Integration with Git

Versioning custom code

We are not looking to reinvent the wheel, and we’re not trying to interfere too much with established workflows. When it comes to versioning of code, that means a solid integration into Git.

In short: ZenML optionally uses Git SHAs to resolve your version-pinned pipeline code.

When you add custom code to ZenML, you have the ability to specify a specific Git SHA for your code. ZenML ties into your local Git history and will automatically try to resolve the SHA into usable code. Every pipeline configuration will persist the combination of the class used, and the related SHA in the pipeline config.

Hint

The format used is: class@git_sha, where:

  • class: a fully-qualified python import path of a ZenML-compatible class, e.g. my_module.my_class.MyClassName

  • git_sha (optional): a 40-digit string representing the commit git sha at which the class exists

You can, of course, run your code as-is and maintain version control via your own logic and your own automation. This is why the git_sha above is optional: If you run a pipeline where the class is not committed (i.e. unstaged or staged but not committed), then no git_sha is added to the config. In this case, each time the pipeline is run or loaded the class is loaded as is from the class path, directly from the working tree’s current state.

Warning

While it is faster to just keep running pipelines with un-pinned classes, each un-pinned class adds a technical debt to the ZenML repository. This is because there are no guarantees of reproducibility once a pipeline has a class that is un-pinned. We strongly advice to always commit all code before running pipelines.

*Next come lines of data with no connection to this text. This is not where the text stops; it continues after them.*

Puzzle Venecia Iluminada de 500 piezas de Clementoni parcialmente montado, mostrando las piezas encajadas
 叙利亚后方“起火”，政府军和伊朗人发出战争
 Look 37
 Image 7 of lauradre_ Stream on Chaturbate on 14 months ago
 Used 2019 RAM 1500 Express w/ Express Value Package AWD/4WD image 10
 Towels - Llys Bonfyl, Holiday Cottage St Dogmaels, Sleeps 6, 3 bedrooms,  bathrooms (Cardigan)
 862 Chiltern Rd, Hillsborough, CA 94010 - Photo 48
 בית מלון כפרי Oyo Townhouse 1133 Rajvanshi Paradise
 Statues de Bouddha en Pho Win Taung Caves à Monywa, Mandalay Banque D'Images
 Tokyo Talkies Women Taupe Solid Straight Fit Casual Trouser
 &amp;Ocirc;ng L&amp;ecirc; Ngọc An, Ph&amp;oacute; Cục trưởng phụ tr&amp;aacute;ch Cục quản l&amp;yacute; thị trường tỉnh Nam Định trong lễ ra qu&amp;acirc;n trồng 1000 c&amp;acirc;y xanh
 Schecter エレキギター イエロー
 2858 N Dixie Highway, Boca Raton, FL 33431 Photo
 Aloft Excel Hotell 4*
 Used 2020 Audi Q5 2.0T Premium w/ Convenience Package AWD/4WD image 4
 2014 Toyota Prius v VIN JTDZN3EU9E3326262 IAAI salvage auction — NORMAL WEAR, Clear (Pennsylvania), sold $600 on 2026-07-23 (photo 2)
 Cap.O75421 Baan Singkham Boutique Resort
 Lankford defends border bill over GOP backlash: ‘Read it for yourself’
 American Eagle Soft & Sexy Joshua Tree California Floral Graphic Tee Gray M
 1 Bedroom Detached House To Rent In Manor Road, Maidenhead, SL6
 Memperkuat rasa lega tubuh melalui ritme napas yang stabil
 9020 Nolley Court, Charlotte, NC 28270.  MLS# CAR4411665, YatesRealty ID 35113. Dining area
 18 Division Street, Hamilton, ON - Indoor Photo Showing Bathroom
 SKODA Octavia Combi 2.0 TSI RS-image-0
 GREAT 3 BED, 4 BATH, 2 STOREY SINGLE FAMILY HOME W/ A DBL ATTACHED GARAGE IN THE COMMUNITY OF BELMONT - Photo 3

Versioning built-in methods

Since ZenML comes with a lot of batteries included, and as ZenML is undergoing rapid development, we’re providing a way to version built-in methods, too.

Specifying the version of a built-in method will be persisted in the pipeline config as step.path@zenml_0.1.0. E.g. zenml.core.steps.data.bq_data_step.BQDataStep@zenml_0.1.4

Under the hood

When running a version-pinned piece of code, ZenML loads all SHA-pinned classes from your git history into memory. This is done via an - immediately reversed - in-memory checkout of the specified SHA.

Safe-guards with in-memory loading

In order to ensure this is not a destructive operation, ZenML does not allow the in-memory checkout if any of the files in the module folder where the class resides is un-committed. E.g. Attempting to load my_module.step.MyStepClass@sha1 will fail if the my_module.step has any uncommitted files.

Organizing code

It is important to understand that when a pipeline is run, all custom classes used, whether they be Steps, Datasources, or Backends under-go a so-called git-resolution process. This means that wherever there is a custom class referenced in a Pipeline, all files within the module are checked to see if they are committed or not. If they are committed, then the class is successfully pinned with the relevant sha. If they are not, then a warning is thrown but the class is not pinned in the corresponding config. Therefore, it is important to consider not only the file where custom logic resides, but the entire module. This is also the reason that upwards relative imports are not permitted within these class files.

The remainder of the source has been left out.